-- Opening Marker --
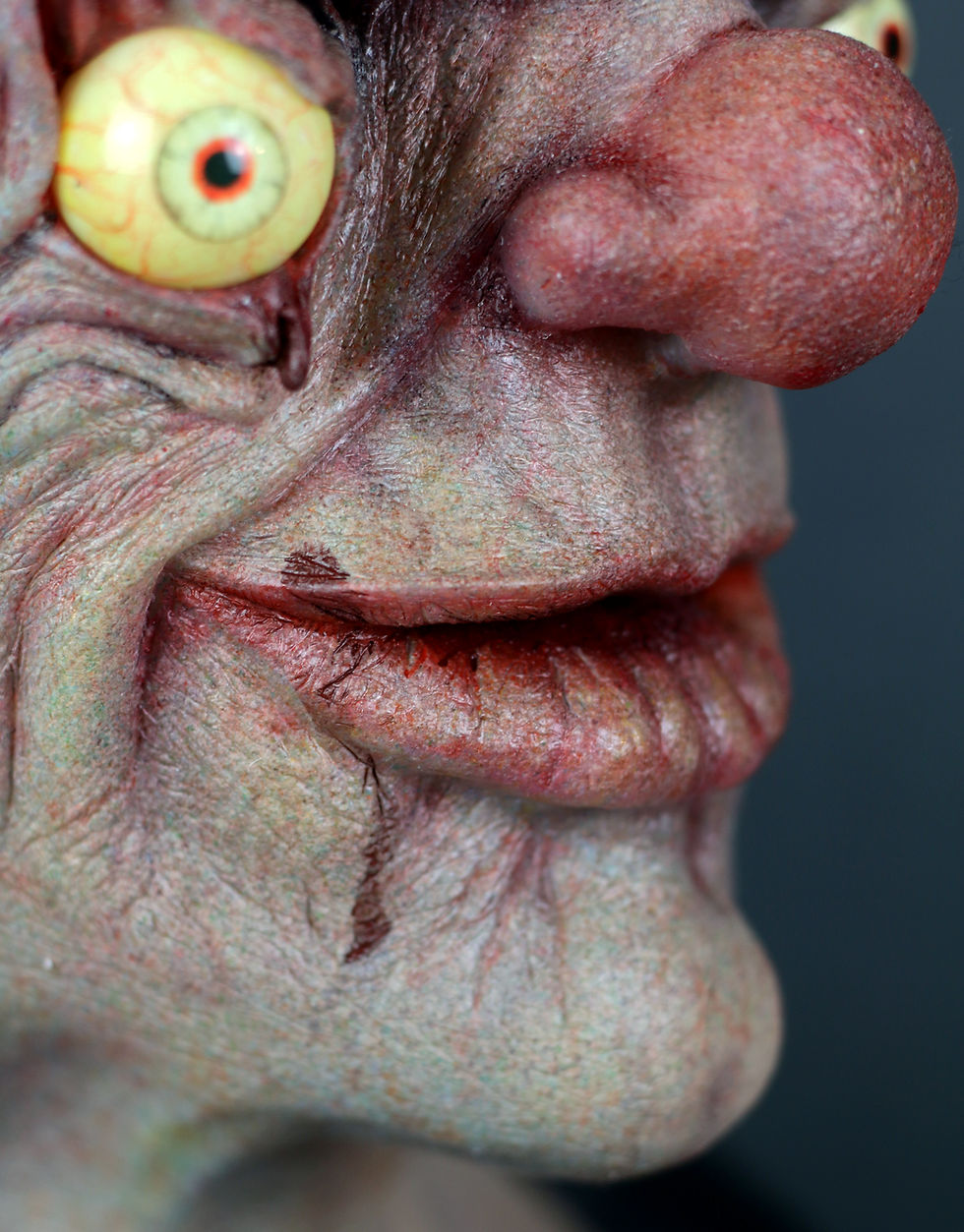 Thumbnail: Creepy clown silicone mask close up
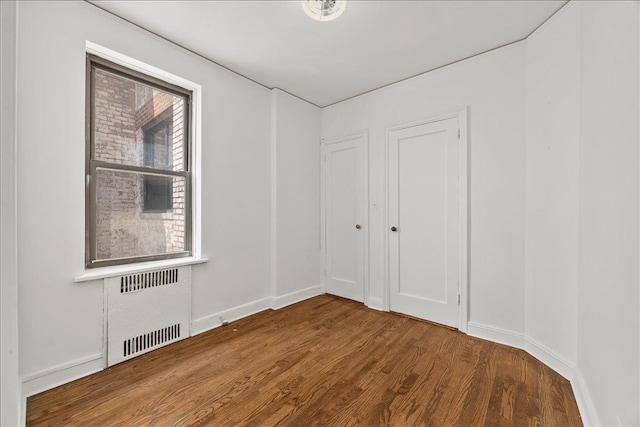 98-120 Queens Blvd Unit 5G, Rego Park, NY 11374 - empty room featuring radiator, wood finished floors, and baseboards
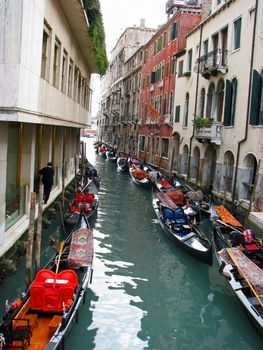 Venice canal with gondolas and individual walking on the edge.
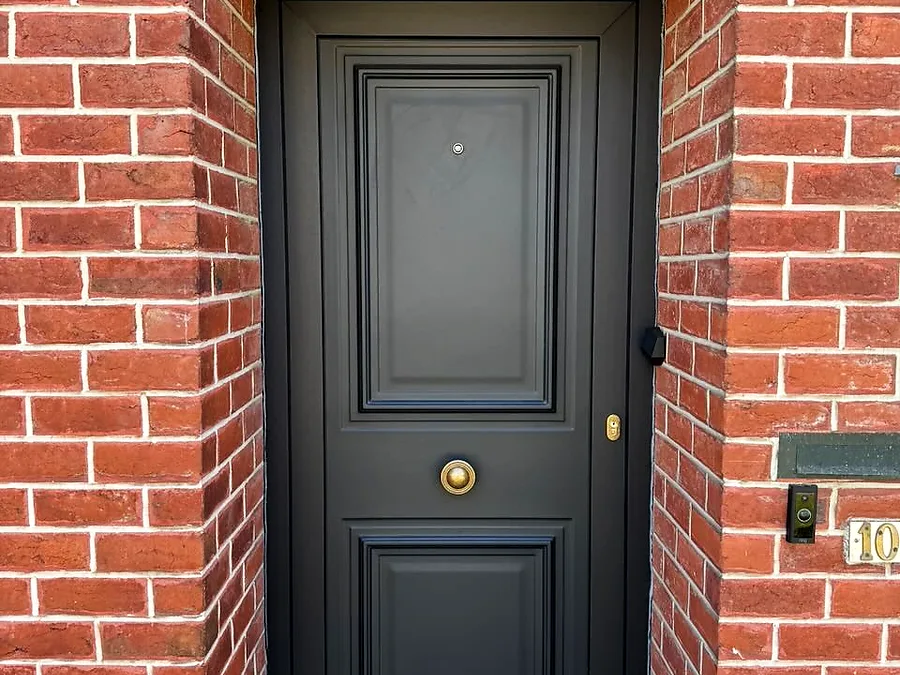 Porte d’entrée anthracite à panneaux moulurés et bouton en laiton, encadrée d’une arche en briques rouges — réalisation Pulsar Windows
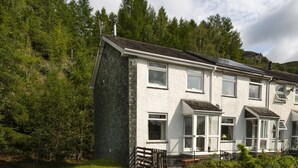 A two-story house with a stone facade, multiple windows, and a small porch area. - 22 Thrang Brow -  3 Bedroom Holiday Home - Langdale Valley (Chapel Stile)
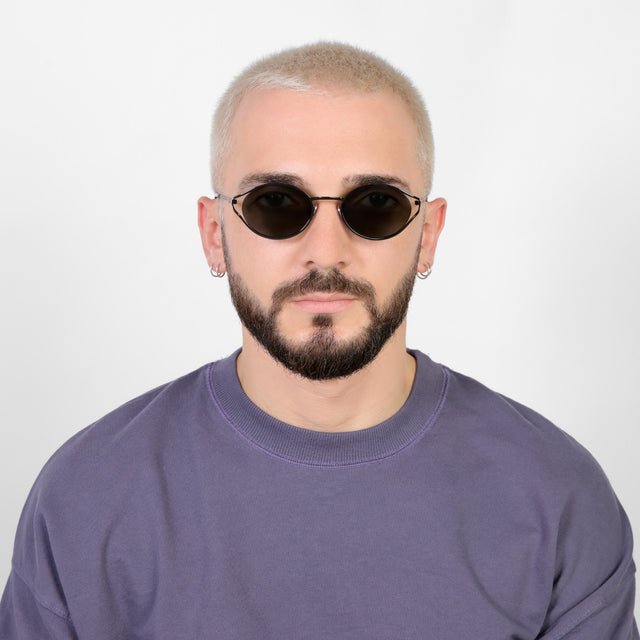 Model with platinum buzzcut wearing Maria Sunglasses Black with Grey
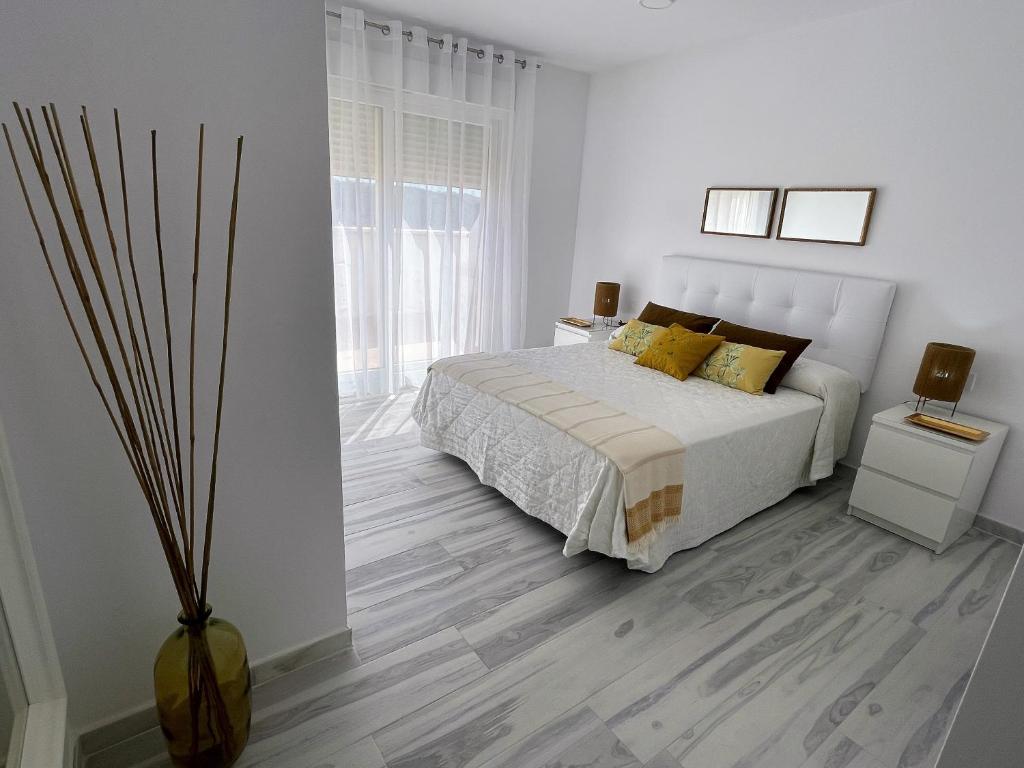 Dormitorio blanco con cama con almohadas amarillas en Apartamento Musa Tarifa, en Tarifa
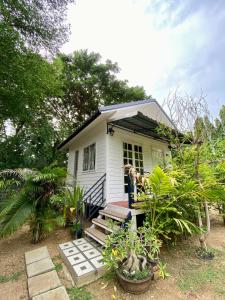 a small white house with people standing on the porch at Baan Suan Yensabai @Ayutthaya in Phra Nakhon Si Ayutthaya +24 photos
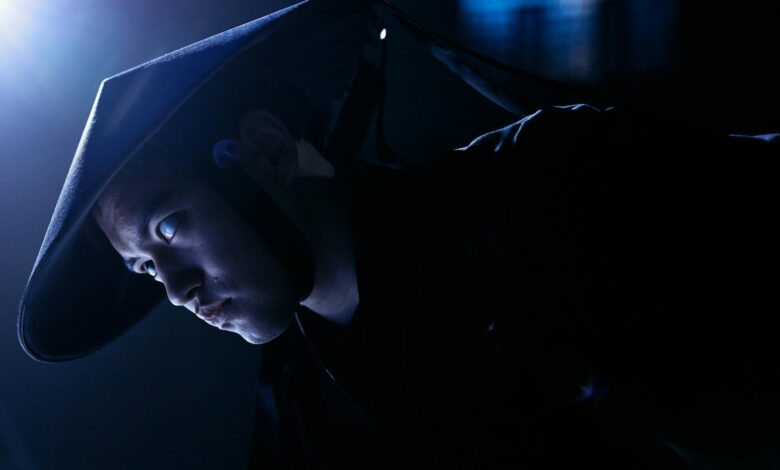 Dramatic low-key portrait of a cosplayer dressed as a game character, indoors, studio lighting.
-- Closing Marker --
TASK DETAILS:
Above is a listing with pictures. Write it out exactly without them.

EXERCISE SOLUTION:
 Thumbnail: Creepy clown silicone mask close up
 98-120 Queens Blvd Unit 5G, Rego Park, NY 11374 - empty room featuring radiator, wood finished floors, and baseboards
 Venice canal with gondolas and individual walking on the edge.
 Porte d’entrée anthracite à panneaux moulurés et bouton en laiton, encadrée d’une arche en briques rouges — réalisation Pulsar Windows
 A two-story house with a stone facade, multiple windows, and a small porch area. - 22 Thrang Brow -  3 Bedroom Holiday Home - Langdale Valley (Chapel Stile)
 Model with platinum buzzcut wearing Maria Sunglasses Black with Grey
 Dormitorio blanco con cama con almohadas amarillas en Apartamento Musa Tarifa, en Tarifa
 a small white house with people standing on the porch at Baan Suan Yensabai @Ayutthaya in Phra Nakhon Si Ayutthaya +24 photos
 Dramatic low-key portrait of a cosplayer dressed as a game character, indoors, studio lighting.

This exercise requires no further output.